Natürlich ist es so, dass wir in real stattfindenden gesellschaftlichen Umbrüchen leben, die letztlich jeden Bereich der Gesellschaft betreffen, jeden Bürger (am wenigsten allerdings die ‚Reichen‘, die ‚ihre Vertreter‘ direkt im Parlament sitzen haben), nicht nur in Deutschland, sondern in allen Ländern unseres Heimat-Planeten Erde. Natürlich ist es so, dass wir diese Probleme nicht mehr einzeln, nicht mehr nur lokal lösen können; wir sind zu einem großen kooperativen Zusammenwirken herausgefordert, wollen wir nachhaltige Lösungen finden. Ganz neu ist dies nicht, aber heute ist es unabwendbar real geworden, wo sogar die Zeit erlebbar real zählt. Natürlich ist es so, dass lebendige politische Parteien, die mit dem Bürger leben, diskutieren und handeln, eine wundervolle Hilfe sein könnten, um alle zusammen in einer repräsentativen Demokratie ein Optimum an Lösungen zu ermöglichen. Dazu aber braucht es Formen von Kommunikation und Formen von Wissen, die weit über das hinaus gehen, was wir zur Zeit in Deutschland alltäglich praktizieren. Und vor allem braucht es dazu ein transparenter bürgernahes Parlament, das das Vertrauen der Bürger wahrhaft verdient.

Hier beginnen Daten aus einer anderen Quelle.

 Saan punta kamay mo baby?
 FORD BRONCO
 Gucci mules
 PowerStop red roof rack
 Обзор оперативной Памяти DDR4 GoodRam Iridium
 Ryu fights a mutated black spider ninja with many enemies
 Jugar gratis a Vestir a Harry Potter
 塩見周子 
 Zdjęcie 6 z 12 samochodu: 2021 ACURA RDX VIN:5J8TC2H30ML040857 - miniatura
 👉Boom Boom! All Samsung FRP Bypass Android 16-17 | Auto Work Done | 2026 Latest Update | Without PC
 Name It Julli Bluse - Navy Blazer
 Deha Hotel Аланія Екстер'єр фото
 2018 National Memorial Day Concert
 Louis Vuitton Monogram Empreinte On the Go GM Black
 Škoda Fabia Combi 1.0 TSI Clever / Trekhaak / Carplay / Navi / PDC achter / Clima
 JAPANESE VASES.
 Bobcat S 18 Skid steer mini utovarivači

Schäubles Gedanken sind weit entfernt von dieser zukunftsfähigen, nachhaltigen Realität. Sein Artikel ist eher geeignet das Ohnmachtsgefühl der Bürger in diesem Land weiter zu vertiefen.

Was kann man in solch einer Situation als Bürger noch tun, wenn man überzeugter Demokrat sein will? Nur wählen zu gehen reicht bei einem solchen Parlament nicht. Es ist schon längst ganz woanders, nicht beim Bürger und nicht bei den wahren Problemen dieses Landes.